Policy and Economic Issues

Policy and economic issues are important attempts to simultaneously address food insecurity, climate change, and reduced SCS. Because these topics are interrelated, they must be addressed holistically using a multidisciplinary approach.

30.1.4.1 Policies and Incentives for Permanent Adoption of Agricultural Carbon Sequestration Practices in Industrialized and Developing Countries

Policies and incentives to trade C can be assessed along two dimensions, namely, policy recommendations and implementation practices. A global cap on C emissions is a major prerequisite for C trading systems to develop. The Kyoto Accord still lacks the signatures of several large nation states, including the United States and Russia. Several major limitations related to the current U.S. policy of voluntary compliance lead to the conclusion that it is probably a nonstarter. The current price of fossil fuel energy does not represent its full opportunity cost if C emissions and sequestration are not considered. Furthermore, C markets may not fully capture secondary costs. For example, the destruction of forests reduces C sequestration, but it may also increase downstream flooding, reducing wildlife habitat and biodiversity, and accelerating the depletion of underground aquifers.

Several major implications of C trading exist. For example, because of spatial variations in distribution impacts of emission reductions, some farmers will benefit from an existing cap on CO2 and trading mechanisms. In fact, distribution impacts are likely to be more important than economic efficiency impacts.
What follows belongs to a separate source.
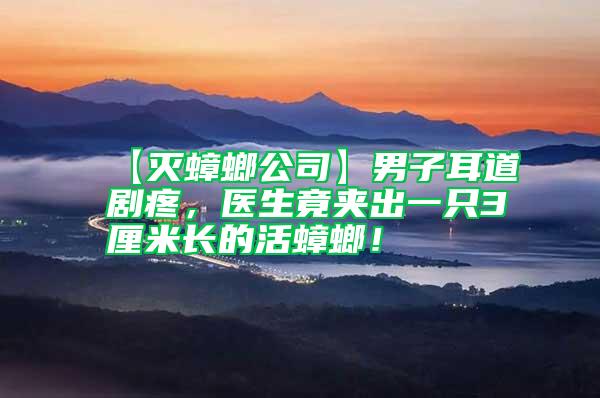 【滅蟑螂公司】男子耳道劇疼，醫(yī)生竟夾出一只3厘米長的活蟑螂！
Carbon trading has important implications for other GHG emissions as well. However, there is a need to support efforts to reduce GHG emissions. Beginning with reductions in CO2 may help identify financial incentives that permit the evolution of more holistic and sustainable systems.
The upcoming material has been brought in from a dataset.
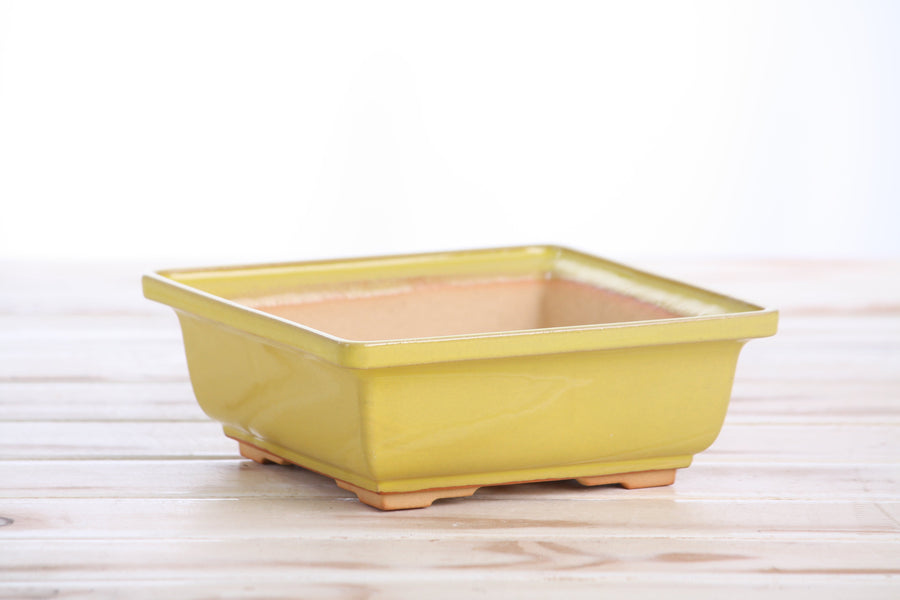 6-Inch Square Bonsai Pot - Yellow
30.1.4.2 Climate Change, Poverty, and Resource-Friendly Agriculture

A consensus exists regarding the need for changes in traditional agricultural practices that lead to soil degradation, including reductions in soil fertility and carbon content. However, a major challenge faced by practitioners is the need to develop alternative farming systems for resource-poor farmers that enable them to achieve food security and more satisfactory standards of living. This challenge becomes more urgent under conditions of climate change which imply increased negative consequences related to continuation of current nonresource-friendly agricultural practices.

All farmers experience a hierarchy of needs. At the most basic level, poor farmers' primary objective is achieving minimal levels of food security. At the following level, they are concerned about improving the standard of living for themselves and their families. Perhaps beyond this level, they are concerned about protecting and improving the natural resource base on which their sustenance depends and on which enhancing its condition in turn depends. This implies the need to identify agricultural production practices that simultaneously improve income levels while contributing to carbon sequestration and other forms of soil and water quality improvement.
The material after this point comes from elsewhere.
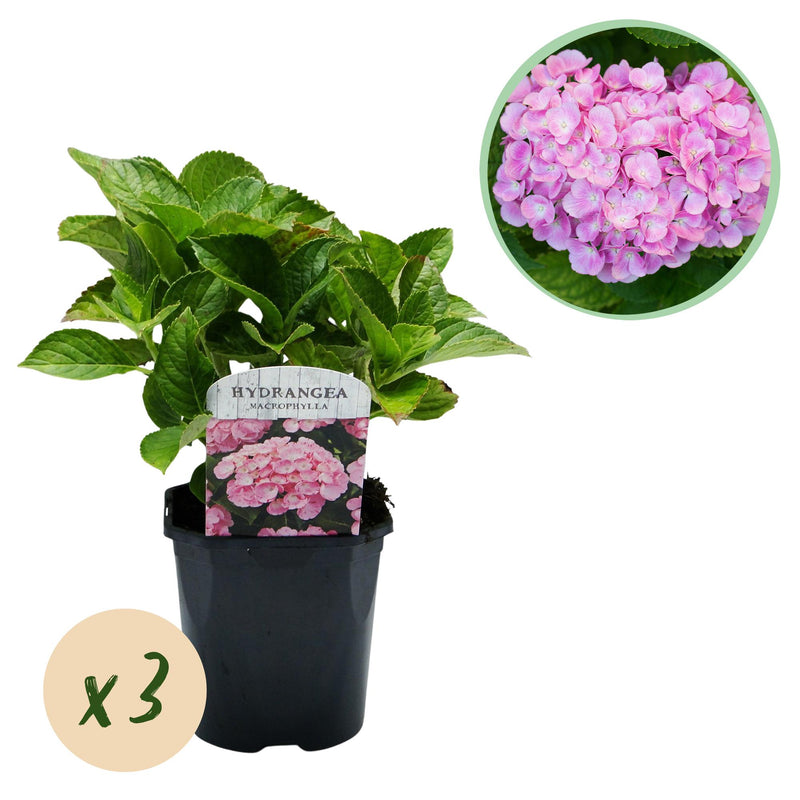 GreenboutiQ Hortensie 'Rosa', 3 Pflanzen, 1m², pflegeleicht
These practices may need to be location-specific. Simulation analyses suggest that payments for soil carbon sequestration may be insufficient to balance losses in agricultural production for small- and medium-scale farmers under tropical conditions. On the other hand, alternative production practices hold great promise for increasing small-farm incomes while simultaneously improving soil quality. More experimentation along these lines will be necessary to enable poor small farmers to participate in the process of soil carbon sequestration.

30.1.4.3 Climate Change and Public Policy Challenges

Several current treaties and conventions on climate change and biodiversity will be difficult to implement, and thus, they are unlikely to have much regional or global impact. Changes are needed to improve related existing public policy climate. These include: (1) greater cooperation among the various scientific disciplines; (2) expanded cooperation among new stakeholders; (3) increased funding support for long-term research agendas, such as those of the Intergovernmental Panel on Climate Change, U.S. National Academy of Science, and U.S. Environment Protection Agency; (4) more policy-relevant applied research; and (5) more analysis of public policy anomalies. Examples of the latter are latent policies that often conflict with official policies and special interest group objectives.

30.1.4.4 Climate Change Impacts on Developing Countries

The implications of climate change for food security in developing countries of Sub-Saharan Africa, such as Mali, may be drastic. Increased price volatility and reduced yields are leading to increased risks of hunger. However, adaptive measures can moderate them. Improved cost data associated with ways that food-insecure nations attempt to alleviate the problem are needed.

30.1.4.5 Climate Change and Tropical

Agriculture: Implications for Social Vulnerability and Food Security

Globalization may impact food security in developing countries. The context for globalization and its impacts on people are frequently neglected. Food security is also related to access to food. Experience has shown that poor people in the tropics benefit less from globalization since these regions are at a comparative disadvantage. Regarding agricultural production, price supports and subsidies are typically lowered as a consequence of global trade policies. Future research on small farms in these regions needs to focus more on integrated small-farm systems, and to give more attention to indicators of instability, food sovereignty and security, local autonomy, and increased investments in appropriate technology.